____ DATA TO EXAMINE
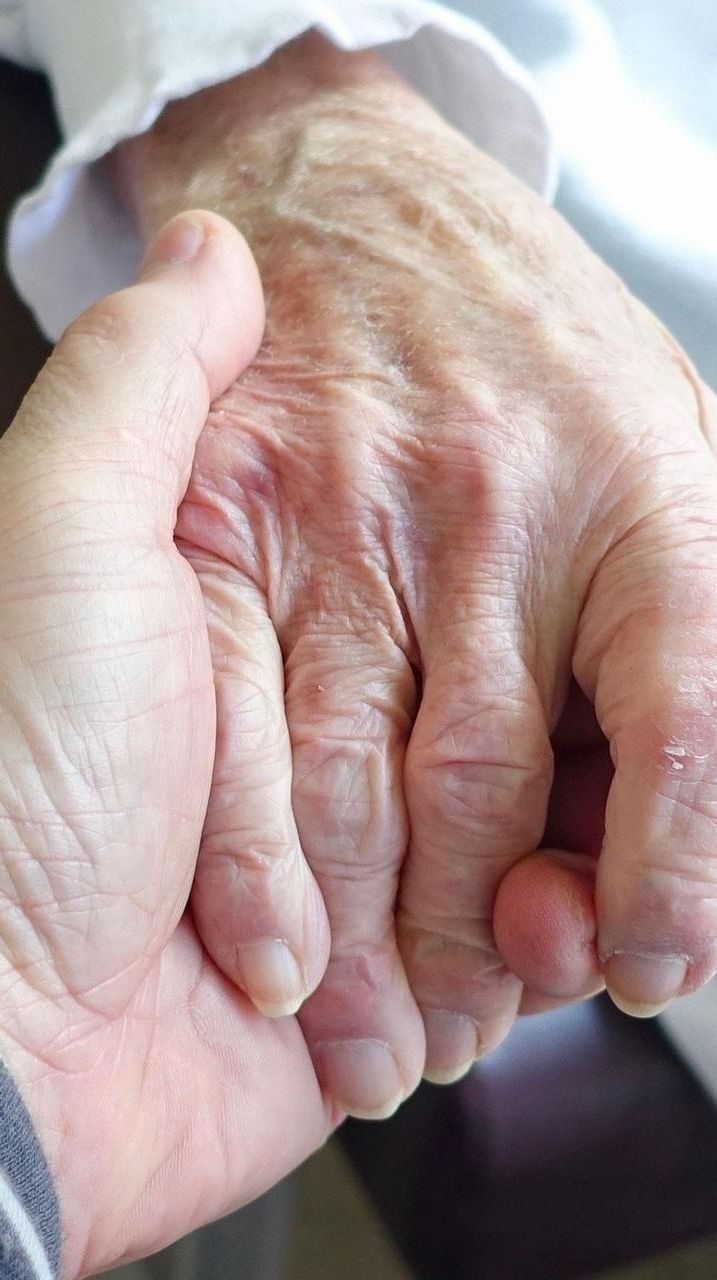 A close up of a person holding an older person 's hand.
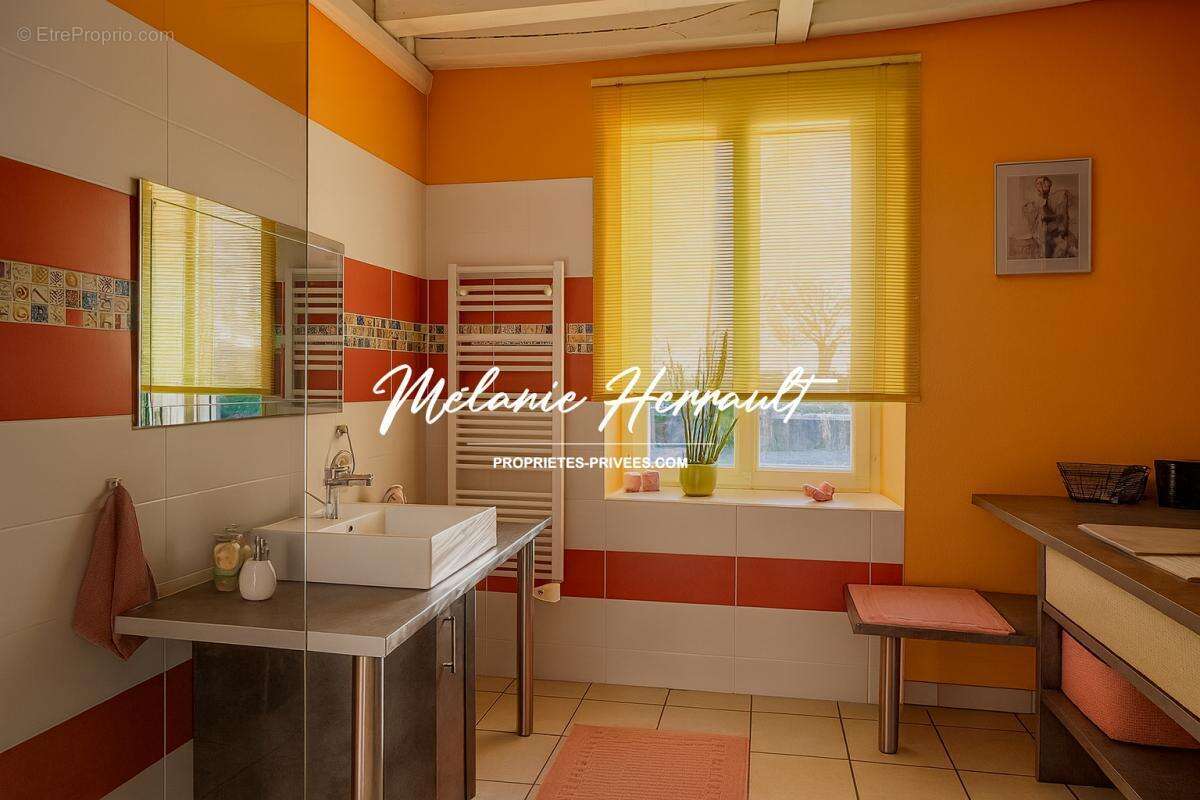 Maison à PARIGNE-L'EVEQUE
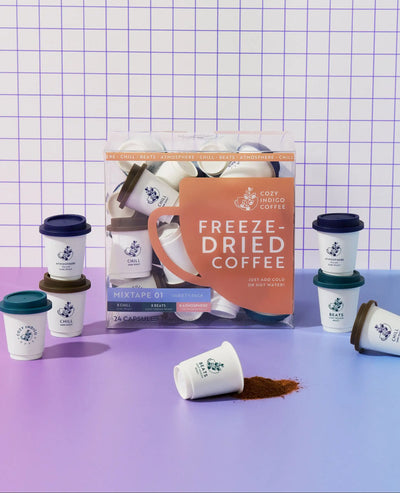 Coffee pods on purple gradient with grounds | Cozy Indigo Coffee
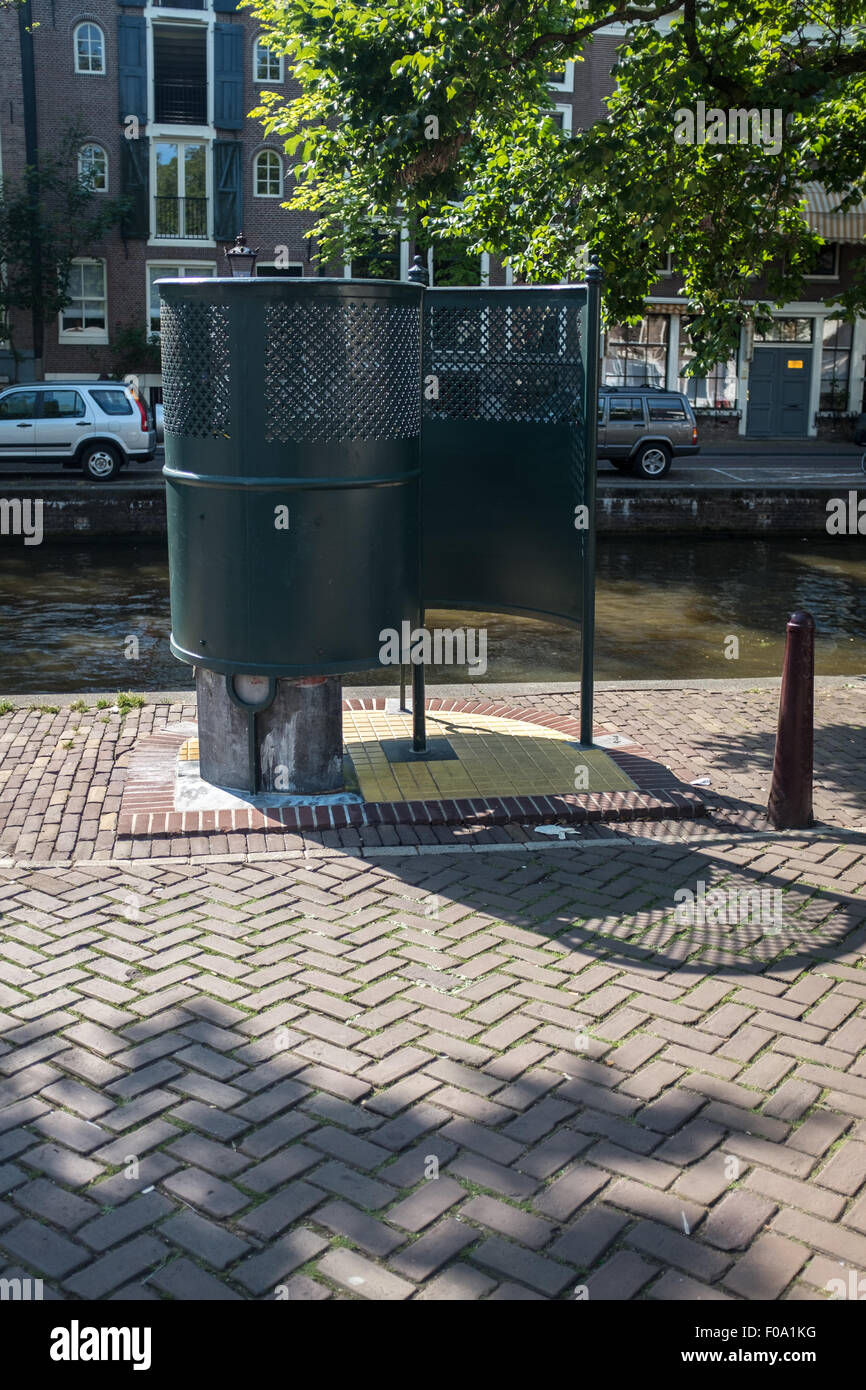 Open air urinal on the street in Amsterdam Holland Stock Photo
________
____ DATA TO EXAMINE
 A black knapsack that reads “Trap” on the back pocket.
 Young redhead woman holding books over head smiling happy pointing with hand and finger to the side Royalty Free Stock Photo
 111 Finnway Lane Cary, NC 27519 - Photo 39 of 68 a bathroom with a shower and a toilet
________
____ DATA TO EXAMINE
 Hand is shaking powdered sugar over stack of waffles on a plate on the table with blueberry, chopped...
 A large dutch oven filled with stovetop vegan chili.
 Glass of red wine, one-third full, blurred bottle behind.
________
WHAT THE TASK ASKS >> Above are the records; from them, give again exactly the lines from the one containing "A black knapsack" to the one containing "111 Finnway Lane", both lines included, and nothing more.

EXERCISE RESULT >>
 A black knapsack that reads “Trap” on the back pocket.
 Young redhead woman holding books over head smiling happy pointing with hand and finger to the side Royalty Free Stock Photo
 111 Finnway Lane Cary, NC 27519 - Photo 39 of 68 a bathroom with a shower and a toilet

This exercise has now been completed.